==== DATA SUPPLIED ====
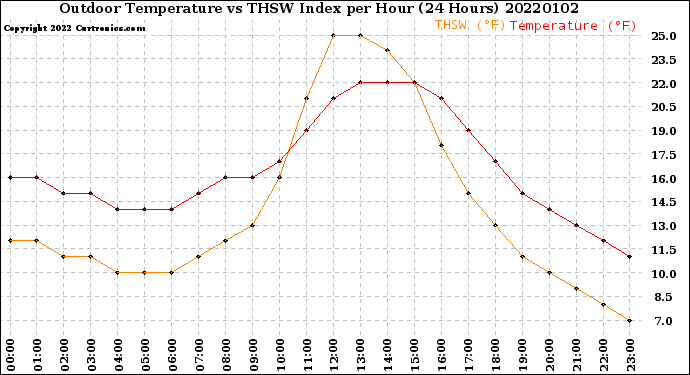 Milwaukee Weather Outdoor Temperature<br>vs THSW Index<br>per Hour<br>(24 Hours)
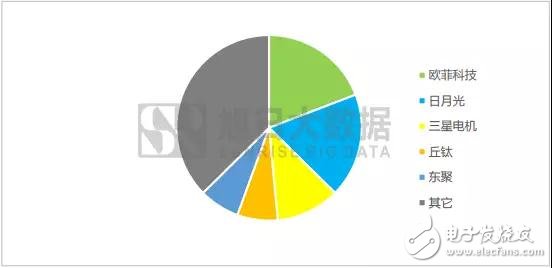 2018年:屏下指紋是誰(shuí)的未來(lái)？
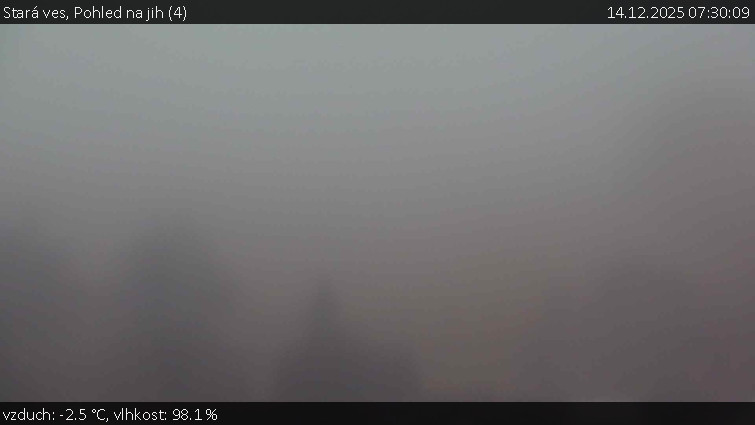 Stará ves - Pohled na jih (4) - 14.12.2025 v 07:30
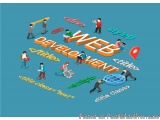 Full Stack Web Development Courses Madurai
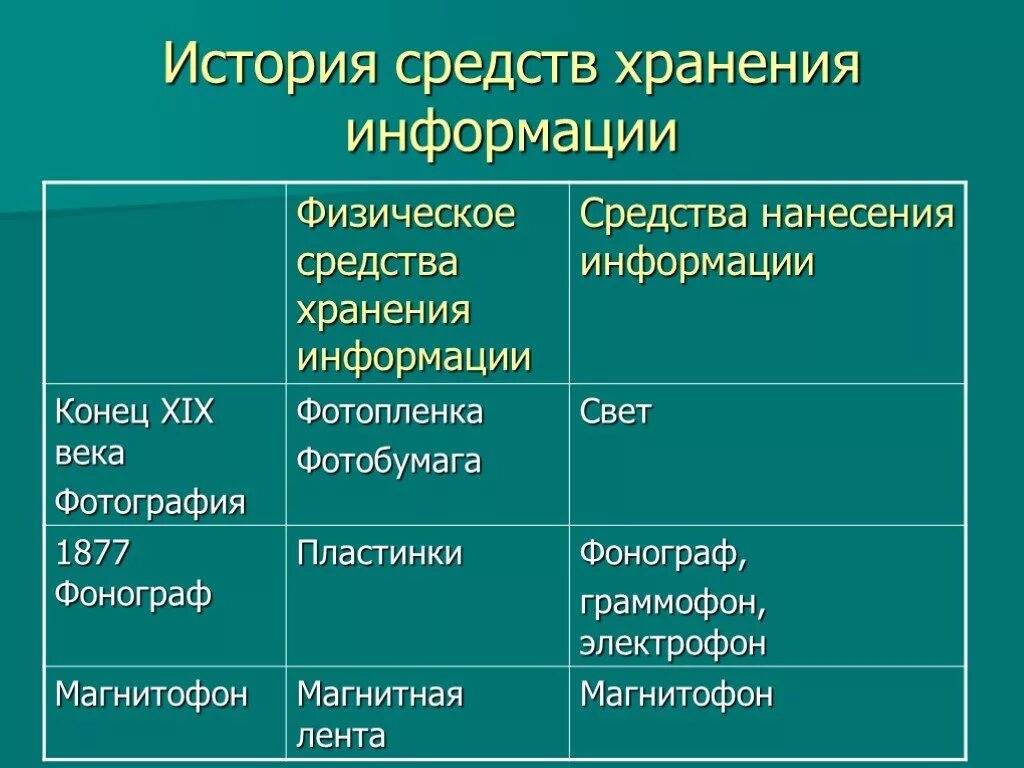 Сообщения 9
====
==== DATA SUPPLIED ====
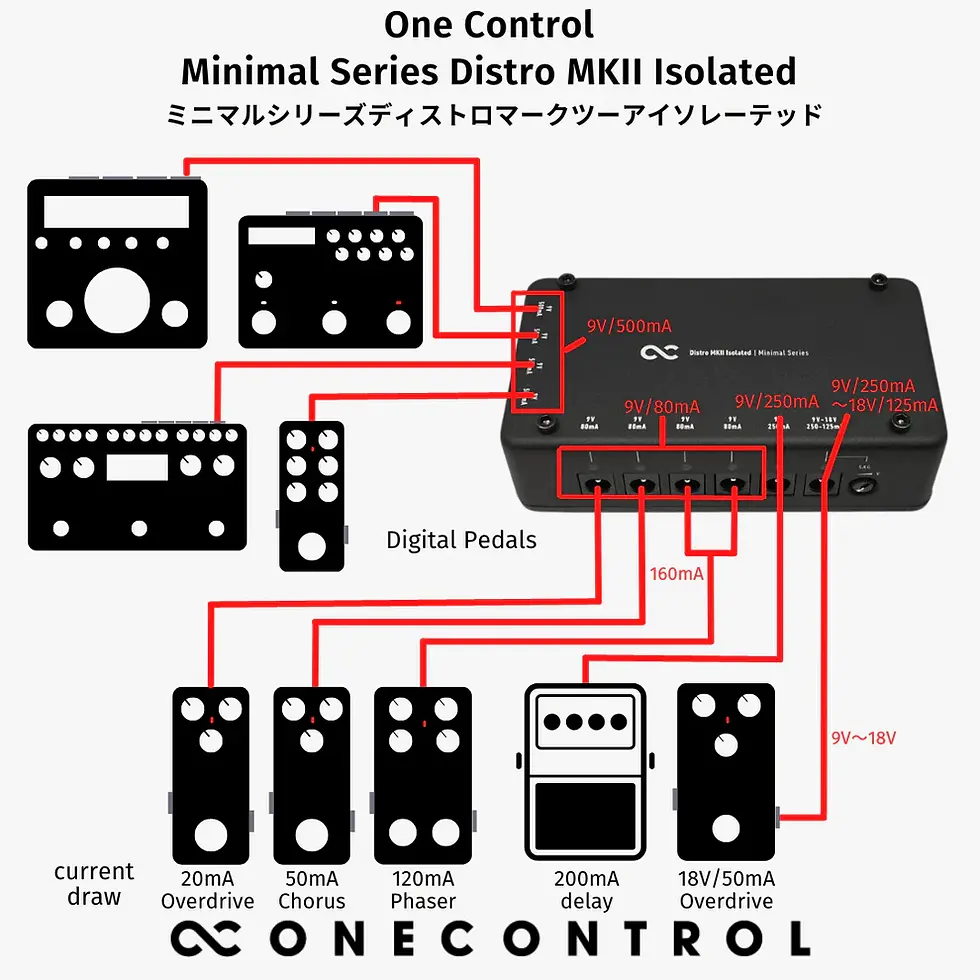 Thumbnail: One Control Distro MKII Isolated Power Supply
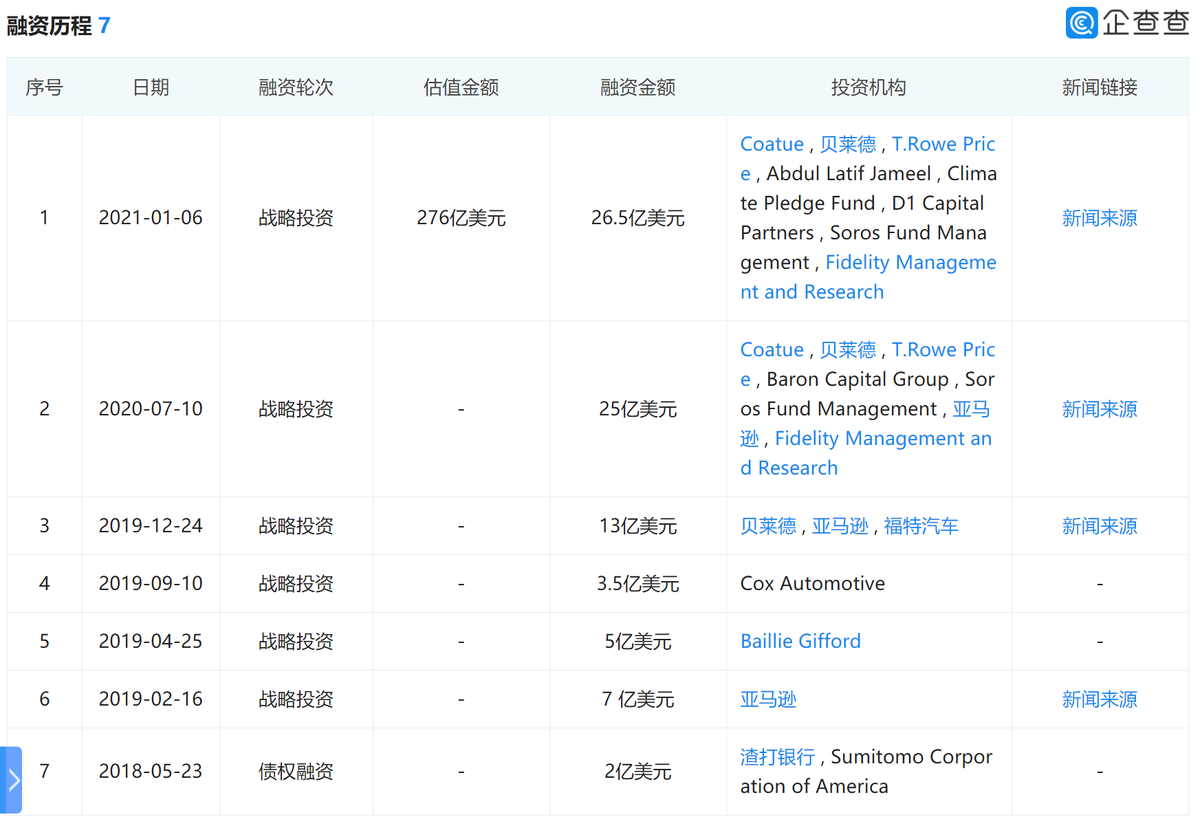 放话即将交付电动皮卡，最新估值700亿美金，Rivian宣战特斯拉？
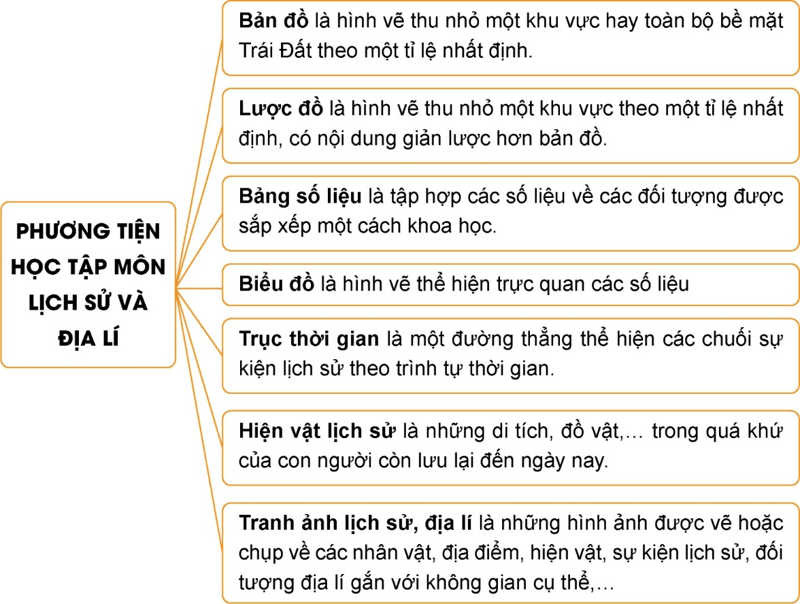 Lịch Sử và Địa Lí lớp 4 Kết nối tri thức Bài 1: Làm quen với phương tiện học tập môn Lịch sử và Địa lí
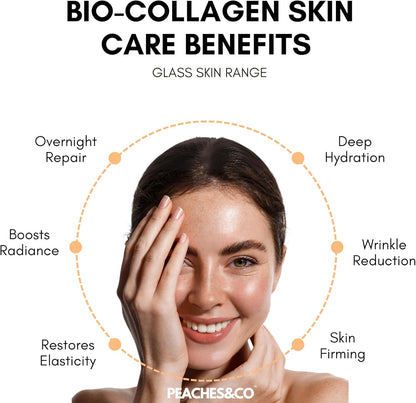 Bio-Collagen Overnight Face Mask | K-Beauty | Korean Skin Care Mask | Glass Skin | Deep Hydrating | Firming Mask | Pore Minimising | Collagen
====
§ THE TASK
What you write out is the stretch of entries from the line containing "2018年:屏下指紋是誰(shuí)的未來(lái)？" to the line containing "Сообщения 9", word for word, with both end lines and no pictures.

§ RESPONSE FOR THIS EXERCISE
 2018年:屏下指紋是誰(shuí)的未來(lái)？
 Stará ves - Pohled na jih (4) - 14.12.2025 v 07:30
 Full Stack Web Development Courses Madurai
 Сообщения 9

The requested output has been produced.